3. Assim, a caridade (quer dizer: o amor de Deus em nós e a actuar através de nós), longe de consistir num mero papel assistencialista, ou de assumir uma qualquer atitude paternalista para com quem quer que seja, constitui antes um poderoso raio desta luz que, vinda de Deus, ilumina e irradia. Que transforma efectivamente tudo o que está à sua volta. E que grita: sim, é possível viver na luz de Deus; é possível fazer o bem que Deus nos propõe; é possível viver a paz que Deus constrói para nós. É possível! É possível, se deixarmos que as nossas sombras e escuridões (o nosso pecado) se confrontem e se deixem julgar pelo Deus de Amor, acolhendo a Sua misericórdia.
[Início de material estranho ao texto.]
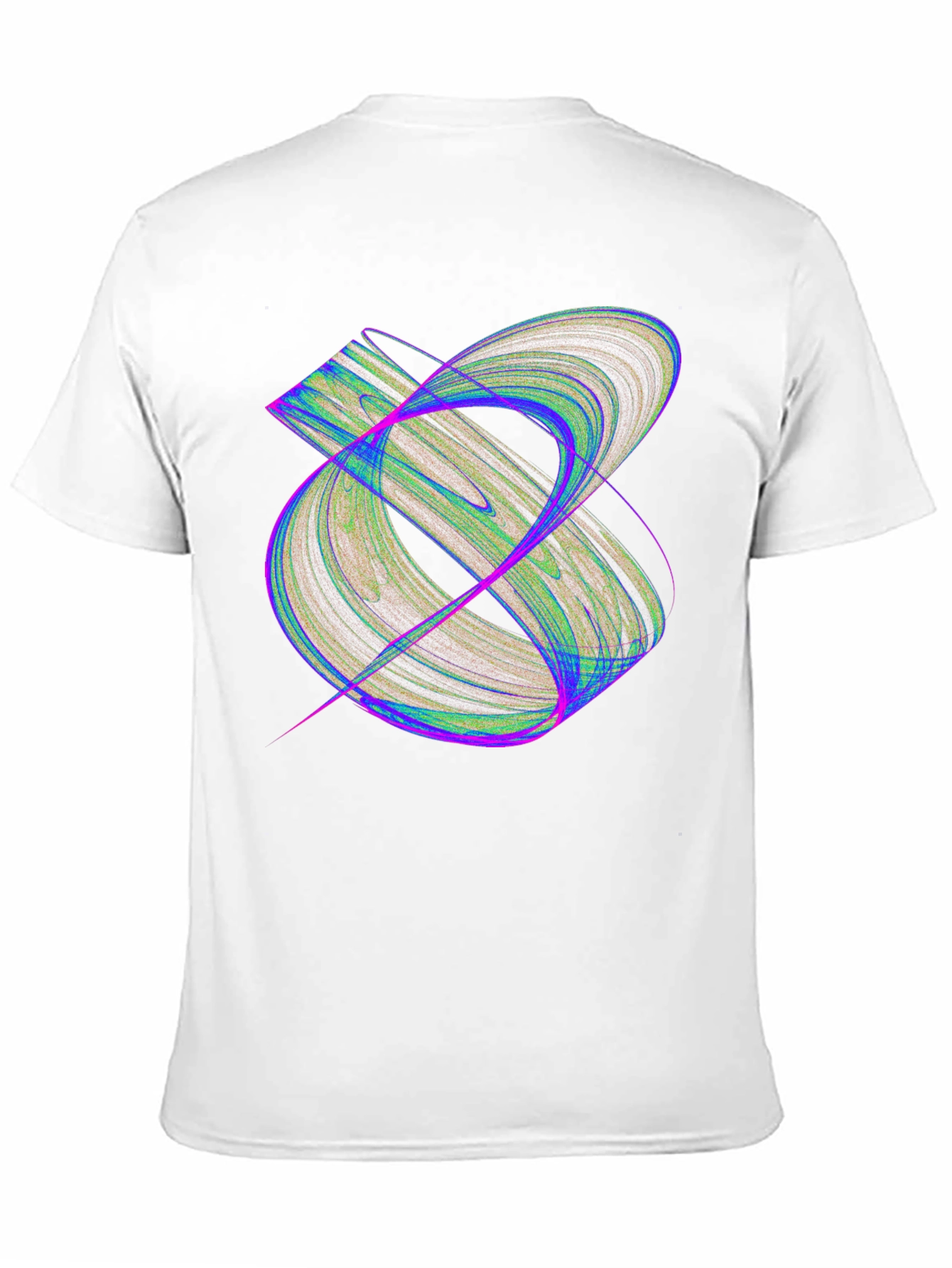 Abstract Fractal Design Black T-Shirt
A Cáritas é a caridade organizada, definida, em constante acção. Neste Advento que hoje se inicia, peçamos para as Cáritas das nossas dioceses e para a Cáritas Portuguesa; para quantos nelas colaboram; para todos nós que aqui nos encontramos - peçamos que a luz que já nos chega do Presépio de Belém (a luz, o Verbo feito carne) possa julgar e derrotar em nós o pecado. E que possa iluminar o nosso viver (tudo quanto somos) transformando-nos em sentinelas dum mundo novo - esse mundo que começa a despontar, assim que nos deixamos revestir da luz de Cristo.
Que o amor de Deus em nós nos ofereça olhos, ouvidos, boca, mãos que sejam a presença desse Senhor que insiste em vir até nós e até ao mundo inteiro, transformando-o num mundo novo, mais de acordo com o projecto que Deus sonhou para cada um e para todos.